Son of Dublin Core (SoDC) — Encoding, Validating and Harvesting Graph-based (Meta)data — Version 0.2 (alpha)

by Alistair Miles

Being at the Dublin Core conference last week gave me some ideas, especially about how to bring the DCMI architecture, RDF, OAI-PMH and OAI-ORE closer together. I gave those ideas a name — “Son of Dublin Core (SoDC)” — and I hacked up a proof of concept.

I’ve just done a few fixes and extensions, and released SoDC version 0.2 (alpha). The latest release will always be available from SoDC is just an idea at this stage, so let me know what you think…

There’s two main parts to SoDC…

First, SoDC-XML is a concrete XML syntax for graph-based (meta)data. It is designed specifically to allow graph-based (meta)data to be embedded in harvesting protocols like OAI-PMH. It is also designed to enable application-specific syntax validation using commodity XML validation tools, enforcing the constraints normally expressed in an “application profile”.

The main motivation for SoDC-XML is quality control. Metadata providers and consumers are moving towards a graph-based approach to their metadata, because it allows metadata from one source to be cleanly integrated with metadata from other sources. But providers and consumers still need to set expectations, and to know when expectations are not being met. Constraining and validating graphs at the syntax level is the simplest way of achieving that, yet their is no standard way to do that using RDF toolkits. SoDC-XML fills a gap, by providing a concrete XML syntax for graph-based metadata, constrained by an XML schema for generic syntax validation, on top of which application-specific syntax constraints can easily be implemented.

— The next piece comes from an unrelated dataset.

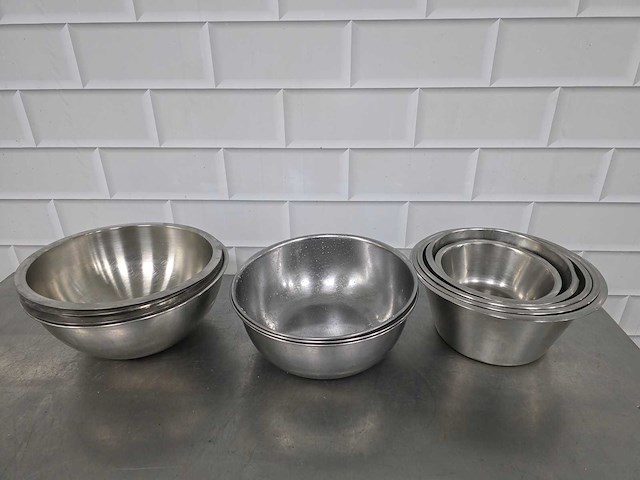 Rvs beslagkom (12x) - afbeelding 1 van  4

The second part is SoDC-CL — a language for expressing application-specific constraints over metadata graphs. It allows basic syntactic constraints to be expressed, such as typically form the basis for a metadata “application profile”.

There are also two supporting utilities…

The SchemaGen utility transforms an SoDC-CL document into a Schematron schema, which can then be used to validate SoDC-XML documents — providing a pipeline for automating the implementation and enforcement of syntax constraints over metadata graphs.

The TurtleGen utility transforms an SoDC-XML document into a Turtle document — SoDC-XML is a concrete RDF syntax, so the transformation is straightforward.

There’s still lots TODO, and a few bugs, but hopefully it prooves the basic idea. See the SoDC main page for more info.